Eigenvectors can be used to better understand linear mappings.

Example 10.13: Interpretation of Linear Mappings
In Example 9.7, we studied the linear mapping used to find the shadow of a cube on a planar surface. In that example, we calculated the transformation matrix as

\begin{equation} \mx{A} = \left(\begin{array}{ccc} 1 & -0.5 & 0\\ 0 & 0 & 0\\ 0 & -0.25 & 1\\ \end{array}\right). \end{equation}

(10.105)

Eigenvectors and eigenvalues are useful for interpreting the linear mapping. The characteristic polynomial is $(\lambda-1)^2 \lambda$. For the double root eigenvalue $\lambda_1 = \lambda_2 = 1$, we can choose two linearly independent eigenvectors, such as $\vc{v_1} = (1, 0, 0)$ and $\vc{v_2} = (0, 0, 1)$. For the eigenvalue $\lambda_3 = 0$, the eigenvector is $\vc{v_3} = t (0.5, 1.0, 0.25), t \neq 0$. Since the first two eigenvectors span the plane $y=0$, all vectors lying in this plane are unaffected by the linear mapping. This is due to the fact that such a vector $\vc{x} = (x_1, 0, x_2)$ can be written as a linear combination of the two eigenvectors $\vc{v}_1$ and $\vc{v}_2$:

\begin{equation} \vc{x} = x_1 \vc{v}_1 + x_2 \vc{v}_2, \end{equation}

(10.106)

and performing the linear mapping on such a vector thus results in

\begin{equation} \mx{A}\vc{x} = \mx{A}(x_1 \vc{v}_1 + x_2 \vc{v}_2)\\ = x_1 \mx{A}\vc{v}_1 + x_2 \mx{A} \vc{v}_2\\ = x_1 \lambda_1 \vc{v}_1 + x_2 \lambda_2 \vc{v}_2\\ = x_1 \vc{v}_1 + x_2 \vc{v}_2 = \vc{x}. \end{equation}

(10.107)

Conversely, all vectors parallel to $\vc{v}_3 = (0.5, 1.0, 0.25)$ are mapped to the zero vector: Such a vector can be written $\vc{x} = t \vc{v}_3$, and it is mapped to $\mx{A}\vc{x} = t\mx{A}\vc{v}_3 = t\lambda_3\vc{v}_3 = t 0 \vc{v}_3 = \vc{0}$.

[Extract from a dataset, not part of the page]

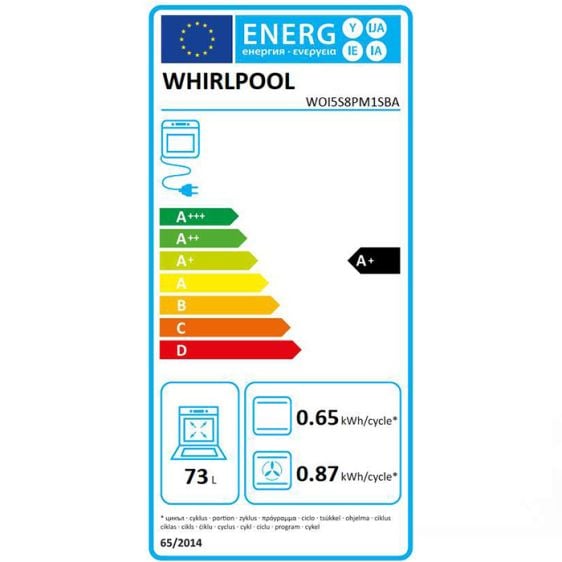 Built-in oven WHIRLPOOL WOI5S8PM1SBA, 73 l, Pyrolysis, A+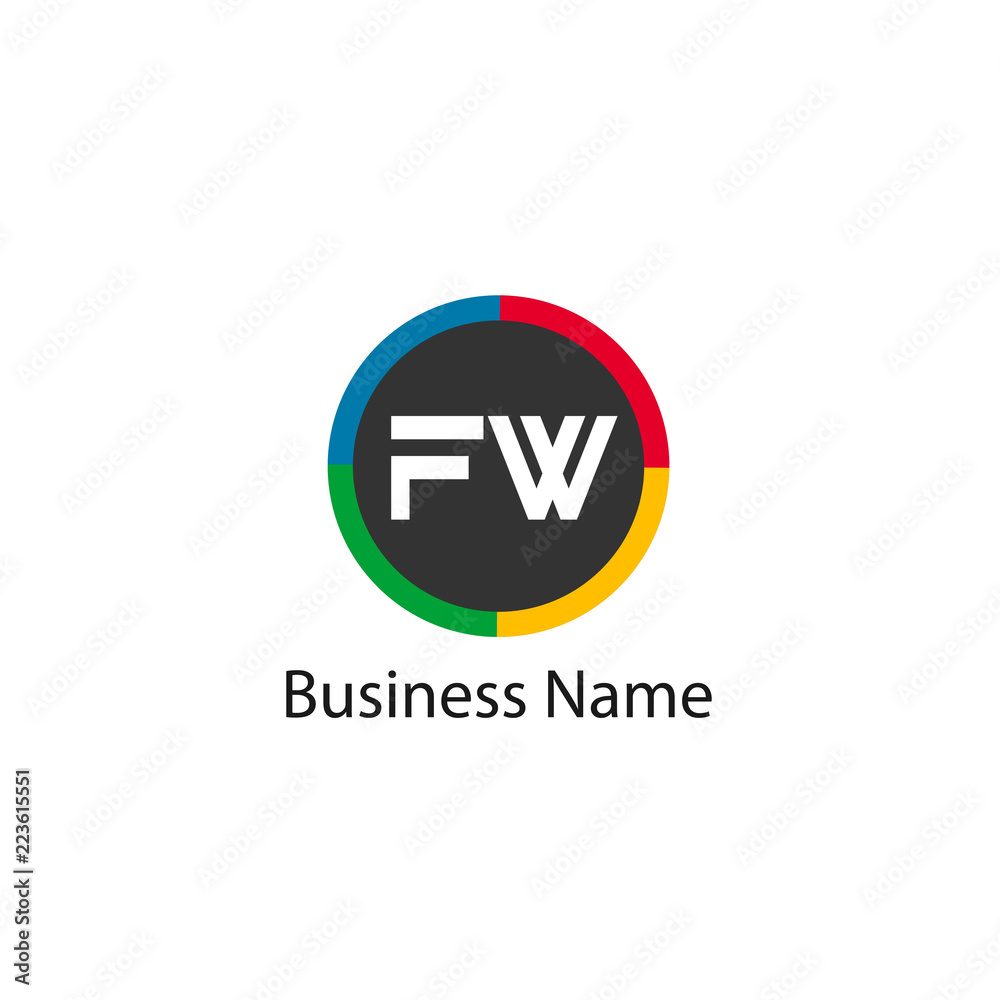 Obraz premium Initial Letter FW Logo Template Design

In Interactive Illustration 10.7, we show how this can be applied to shadow casting. Assume we have a point represented by the vector $\vc{p}$ on the object. Since the three eigenvectors are linearly independent, we can express the vector $\vc{p}$ as a linear combination of the three eigenvectors,

\begin{equation} \vc{p} = \alpha_1 \vc{v}_1 + \alpha_2 \vc{v_2} + \alpha_3 \vc{v_3}. \end{equation}

(10.108)

This can be interpreted as having two components that specify a point on the "ground" (a point in the plane) and then one component that goes in the direction of the light source. We now see what happens when perform the linear mapping $\mx{A}\vc{p}$:

\begin{equation} \mx{A}\vc{p} = \alpha_1 \mx{A}\vc{v}_1 + \alpha_2 \mx{A}\vc{v_2} + \alpha_3 \mx{A}\vc{v_3} = \alpha_1 \lambda_1 \vc{v}_1 + \alpha_2 \lambda_2 \vc{v}_2 + \alpha_3 \lambda_3 \vc{v}_3. \end{equation}

(10.109)

The first two terms still specify a point in the plane, and the last term vanishes since $\lambda_3=0$. This can be interpreted as the occluding point being projected down to the plane in the direction of the third eigenvector.

$O$

$\vc{v}_1$

$\vc{v}_2$

$\vc{v}_3$

Interactive Illustration 10.7: In this illustration, we investigate the eigenvectors $\vc{v}_1$, $\vc{v}_2$ and $\vc{v}_3$ of the transform matrix $\mx{A}$ of the linear mapping.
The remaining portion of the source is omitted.